Note: Texte fondé sur des processus automatiques de reconnaissance optique de caractères. Seule la version PDF a une valeur juridique

[ EN ]
ANTILOCK BRAKE ROTOR ASSEMBLY WITH CORROSION RESISTANT TONE

RING

CROSS-REFERENCE TO RELATED PATENT APPLICATIONS

[0001] This application claims priority to and the benefit of U.S. Provisional Application No. 62/771,844, filed November 27, 2018, entitled ANTILOCK BRAKE ROTOR ASSEMBLY WITH CORROSION RESISTANT TONE RING, the contents of which is incorporated herein in its entirety.

BACKGROUND

[0002] Antilock braking systems (ABS) are ubiquitous in vehicles today. In some countries, such as the United States, government regulations generally require heavy & medium duty vehicles to support some type of ABS.
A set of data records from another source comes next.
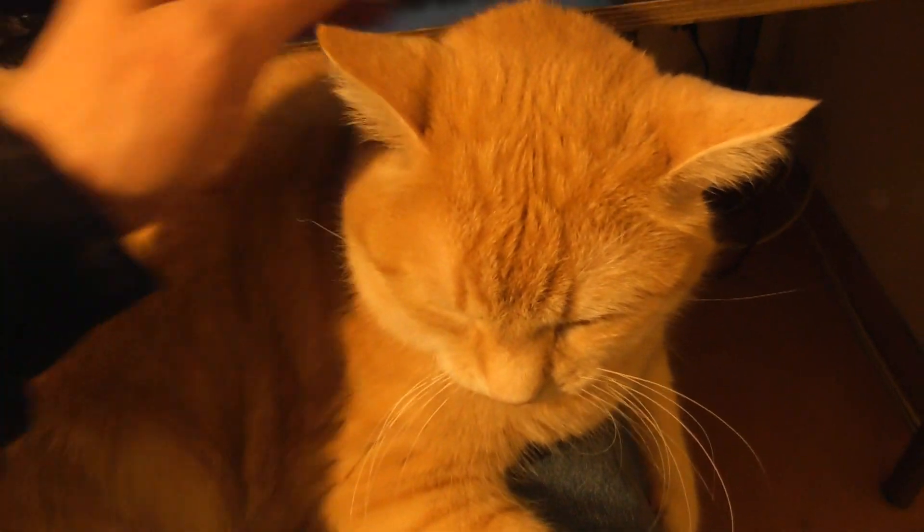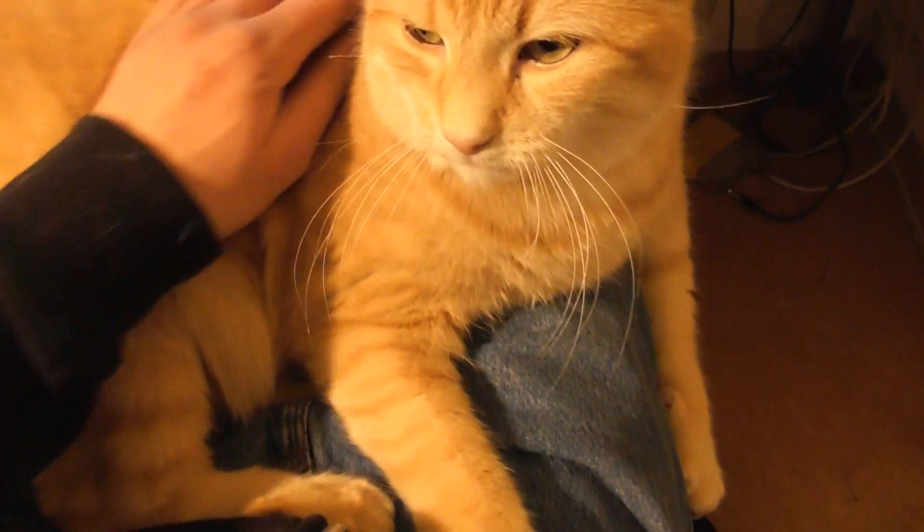My cat is also here — she wants some food. Thanks for watching, bye bye.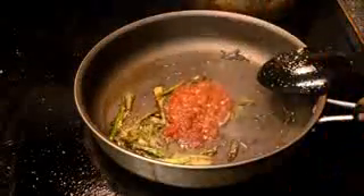Add your chili garlic sauce at this point. You can find this at any grocery store in the Chinese section.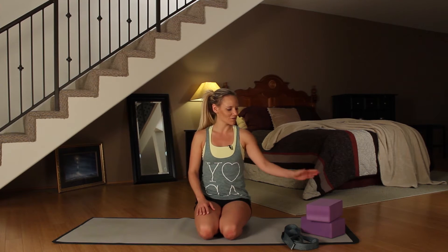Hi, yogis. Welcome to Yoga Merge. My name is Kim, and I'm going to be guiding you through a 20-minute restorative class using a couple props — yoga blocks and a yoga strap. This is going to be a great class just to unwind from your day and totally get ready for bed — relax, relax your mind, relax your body.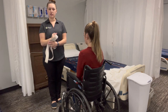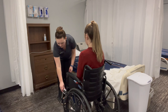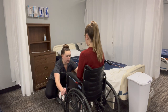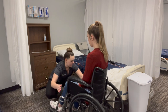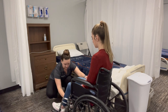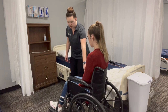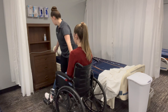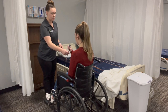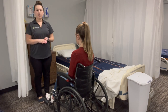We're going to place the gait belt in the dirty supply. We are now going to move the footrests in front and put her feet up on them. We're going to unlock the wheelchair and move her close enough to grab her call light. We're going to wash our hands. Skill complete.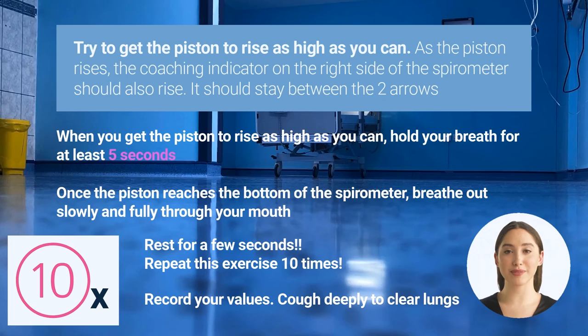Once the piston reaches the bottom of the spirometer, breathe out slowly and fully through your mouth. Rest for a few seconds. Repeat this exercise at least 10 times. Try to get the piston to the same level with each breath. Record your values — writing down the highest number the piston reached can help you change your goals and track your progress over time.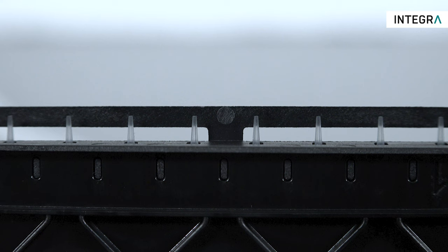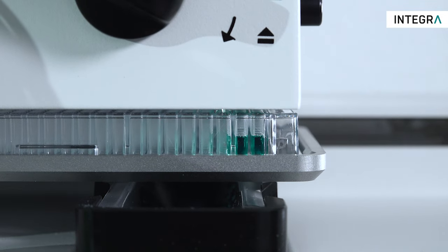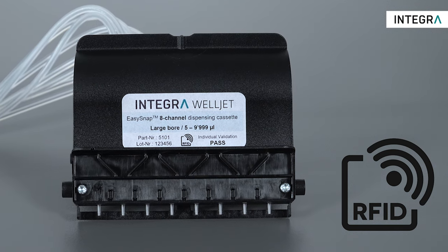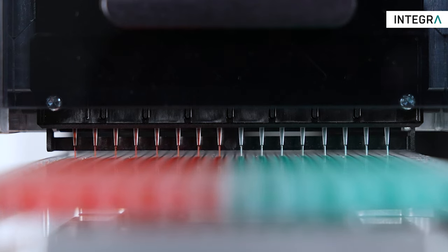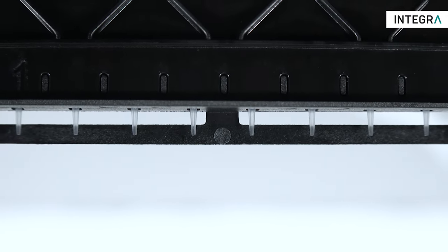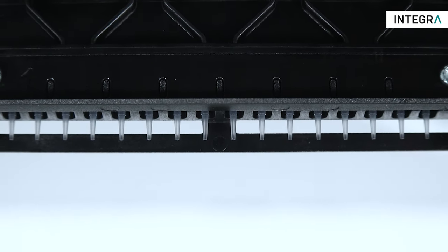A robust anti-collision frame protects the high-precision plastic dispense nozzles from damage. Removing the frame even allows you to dispense inside a well. An integrated transmitter allows convenient tracking of dispense volumes, so the instrument will inform you when it is time to change the cassette to keep your dispenses accurate and reproducible. EZ-Snap cassettes are delivered sterile and are available in 8- and 16-channel versions for even faster filling of 384 well plates.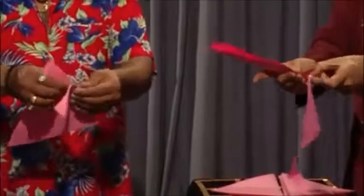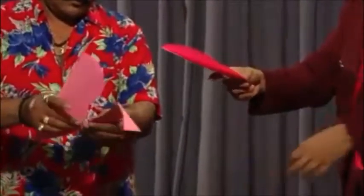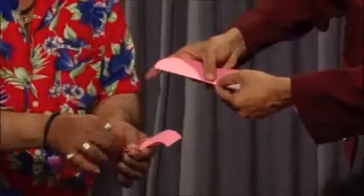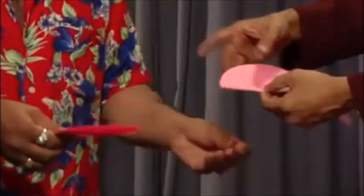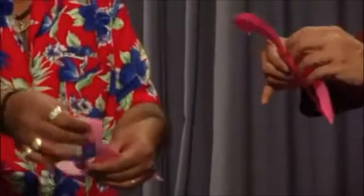Now you take this piece here. Take this smaller piece from the middle here — remove. Take this piece also. Open them.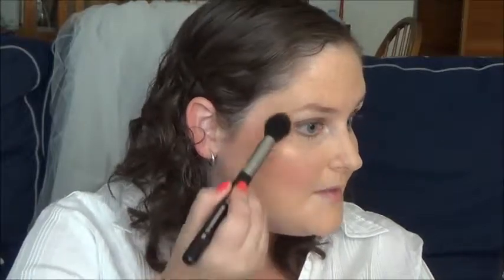For highlight, I'm going to use that NARS Albatross color again. Run that along the tops of my cheeks and on my temples. On your wedding day you do want to shine — but not on your face. You want to glisten, to have a natural glow. Apply on the bridge of the nose, on your forehead, some on your chin, and use your finger to put a little on your cupid's bow right above your lip.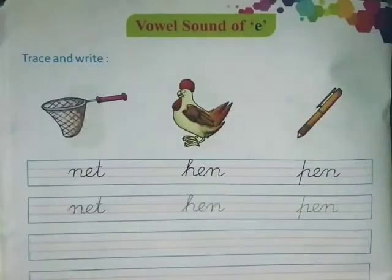My dear kids, I hope you all are fine. Our today's English topic is vowel sound of E. This is page number 34.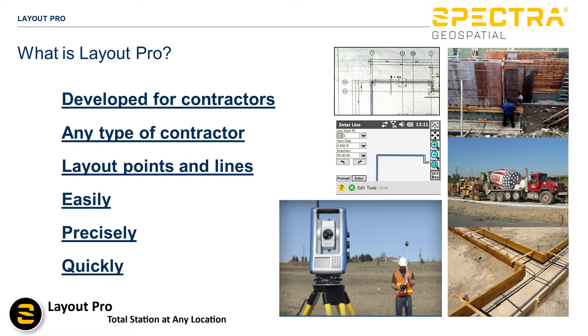Layout Pro was developed for contractors — virtually any type of contractor that needs to lay out points and lines easily, precisely, and quickly.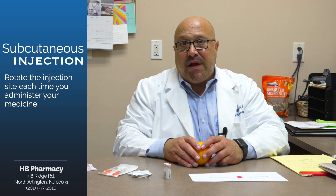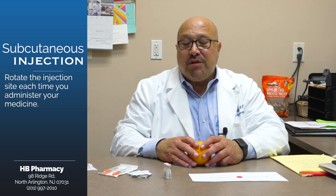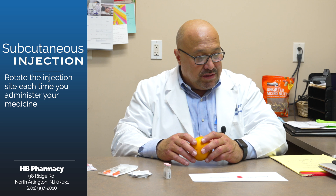It's important whenever you're doing these types of injections to rotate the sites. For example, a semaglutide injection, which is given once a week, you rotate the site every week to a different spot. Eventually you can make your way back to one that you started, but it's very important to rotate the sites.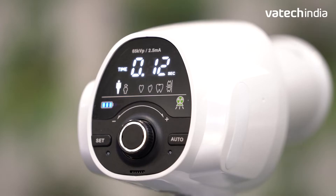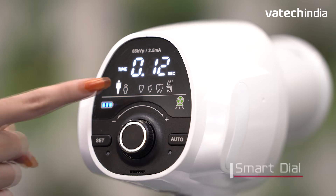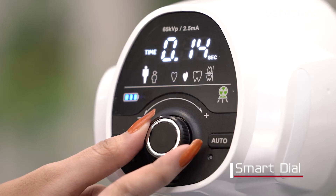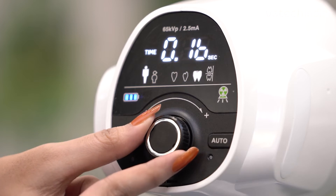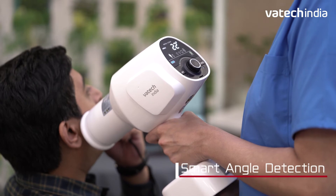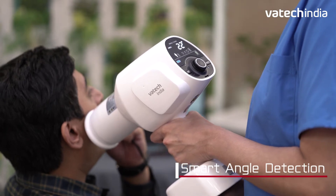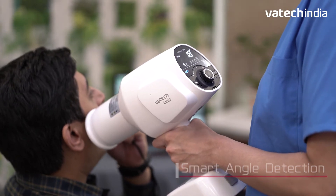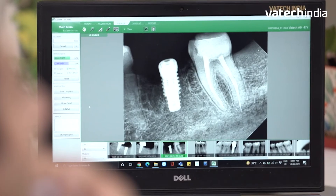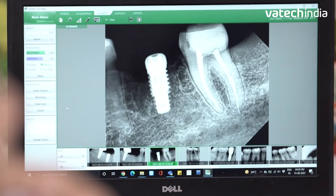Another innovative feature of EZ-Ray Air Plus is the smart dial, offering the ability to set regular functions as a customized preset, doing away with the need to change settings each time you use it. The built-in smart angle detection can automatically detect the area of interest, indicating the correct angle of exposure to achieve the desired clear images instantly.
[0003] Generally, ABS include a brake rotor that may be attached to a wheel hub or any other component that rotates with the wheel for rotation about an axis. The brake rotor for ABS includes a tone ring as part of the ABS vehicle speed sensor arrangement. The tone ring has a plurality of projections or teeth. The brake rotor is often cast iron or an iron alloy. The tone ring, which needs to be in part magnetic, may be cast along with the brake rotor to form an integral unit. Thus, the brake rotor and tone ring can be formed of the same iron or iron alloy. Figure 1 shows a conventional brake rotor assembly 10 having a tone ring 12 integrally formed with the brake rotor part 11 during casting to make the brake rotor assembly 10 a singular construct including at least the brake rotor part 11 and the tone ring 12.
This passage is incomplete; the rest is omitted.